2.2. Small Object Detection

In a traffic scene image, traffic signs usually occupy only a small portion of the entire image. In addition, small object detection is much more challenging than large object detection. Thus, many deep learning frameworks have been proposed to enhance the information representation of small objects in convolution feature maps. Zhang et al. [20] proposed a model that consists of a region proposal network that generates candidate object regions and an object detection network that incorporates multiscale features and global information. In [21], the authors proposed a unified deep CNN for fast multiscale object detection. In this framework, the detection is performed at various intermediate network layers to enable the detection of all object scales. Cao et al. [22] proposed an improved algorithm based on faster region-based CNN for small object detection. An improved loss function based on intersection over union, the multiscale convolution feature fusion, and the improved nonmaximum suppression algorithm is introduced to enhance the performance for small object detection. Li et al. [23] proposed a new perceptual generative adversarial network model that improves small object detection through narrowing representation difference of small objects from the large ones.
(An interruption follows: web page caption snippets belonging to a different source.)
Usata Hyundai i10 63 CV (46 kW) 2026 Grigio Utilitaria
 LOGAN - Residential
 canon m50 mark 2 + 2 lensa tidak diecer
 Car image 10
Wei et al. [24] proposed three enhancements for CNN-based visual object detection for advanced driving assistance systems, including using deconvolution and fusion of CNN feature maps to create enhanced feature maps, adopting soft nonmaximal suppression to address the object occlusion challenge, and setting anchor boxes properly for better object matching and localization. In [25], Lin et al. exploited the inherent multiscale, pyramidal hierarchy of deep convolutional networks to construct feature pyramids with marginal extra cost.

3. Proposed Framework

Figure 1 illustrates the overall framework of the proposed approach. The base network based on ESPNetv2 network [16] first takes input image to generate convolution feature maps. To improve the ability of the proposed framework on detecting of small traffic signs, a deconvolution module is used to aggregate an output feature map at layer 2 with an output feature map at layer 3 to create an enhanced feature map. Then, two improved region proposal networks are adopted to generate proposals from the highest-level convolution feature map and the enhanced convolution feature map. The improved region proposal network includes a convolution layer to reduce the number of parameters in the subsequent convolutional layers and a dilated convolution to enlarge the receptive field, thus improving the detection accuracy and the inference speed of the proposal generation stage. In the detection network, a region of interest pooling layer is adopted to adjust the size of proposals to fixed size feature maps, and fully connected layers are used for classifying proposals and regressing the bounding box of proposals. In the following sections, the proposed approach is explained in detail.

3.1. The Base Network

Most of deep learning-based approaches for traffic sign detection are focused on detection accuracy. In driving environment, apart from the detection accuracy, the inference speed is also a large concern. Moreover, vehicles in driving environments are unlikely to be equipped with high-end graphic cards as powerful as used in research environments. Thus, it is necessary to build a faster network for traffic sign detection in driving environments. In [26], Liu et al. showed that about 80% of the forward time is spent on the base convolution layers. Thus, using a faster base network can greatly improve the inference speed of the framework. ESPNetv2 network [16] is a fast and efficient network which uses depth-wise dilated separable convolutions instead of depth-wise separable convolutions [27] to learn representations from a large effective receptive field. Table 1 provides a performance comparison between ESPNetv2 and state-of-the-art efficient networks on the ImageNet 1000-way classification dataset [28]. As shown in Table 1, ESPNetv2 achieves the best performance with the smallest computational budgets ( million FLOPs). In addition, ESPNetv2 has similarity in the number of parameters compared with ShuffleNetv1 and MobileNetv2 while being more accuracy. Thus, ESPNetv2 architecture is adopted as the base network in this paper for fast and efficient traffic sign detection.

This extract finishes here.